Según la Defensoría del Pueblo, la mayoría de los asesinatos colectivos ocurridos en las últimas dos décadas en Antioquia se concentraron en esa subregión de departamento. San Carlos, San Rafael, San Francisco, San Luis, Cocorná, Granada, Sonsón y El Carmen fueron los más afectados por las incursiones armadas.

En la última década las familias han retornado a El Porvenir, impulsadas por la añoranza de escuchar el arroyito que baja del cerro y trae recuerdos de la juventud.

“Mírela, ahora es más animosa que antes”, dice Ciro, haciendo notar que la llegada del macho aumentó el entusiasmo de la niña por estudiar. Daniela termina el desayuno -arroz, fideos con atún, tajadas de plátano maduro y tortas de chócolo-, se lava los dientes, pide la bendición a sus padres y se trepa a la montura.

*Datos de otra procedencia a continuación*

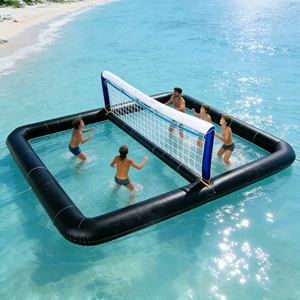 Cancha de Voleibol Inflable para Agua, Juego Acuático Flotante para Exteriores de Verano, con Red, para Adultos <span class=keywords><strong>en</strong></span> <span class=keywords><strong>la</strong></span> <span class=keywords><strong>Playa</strong></span>, Sobre el Suelo - Product Image 4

“Se preocupa uno menos porque ya no coge el camino sola”, afirma Magdalena.

Llegamos donde esperan

Los últimos copos de niebla bajan del filo de la cordillera hasta esfumarse. Árboles florecidos, color lila y amarillo, adornan el paisaje por donde ahora transita Daniela. Arquea su cuerpo hacia atrás y tiempla la rienda en las primeras pendientes. Con su mano izquierda le da curso al macho que no opone resistencia.

Tiene tres manillas, dos escapularios y un reloj de pantalla delgada como su muñeca. Cabalga sin prisa mientras bordea la colina. Sus botas negras de tela se empinan para alcanzar los estribos. Pero va cómoda, rumiando su soledad en silencio mientras los pájaros hacen su festín matutino.

Abre los portillos sin tener que bajarse del animal. En cada estaca que erige la puerta hay empotrada una máquina de moler marca Victoria. Cruza las quebradas y sonríe. “Antes tenía que caminar todo esto. A veces me acompañaba mi hermano pero otras veces me venía sola”, relata.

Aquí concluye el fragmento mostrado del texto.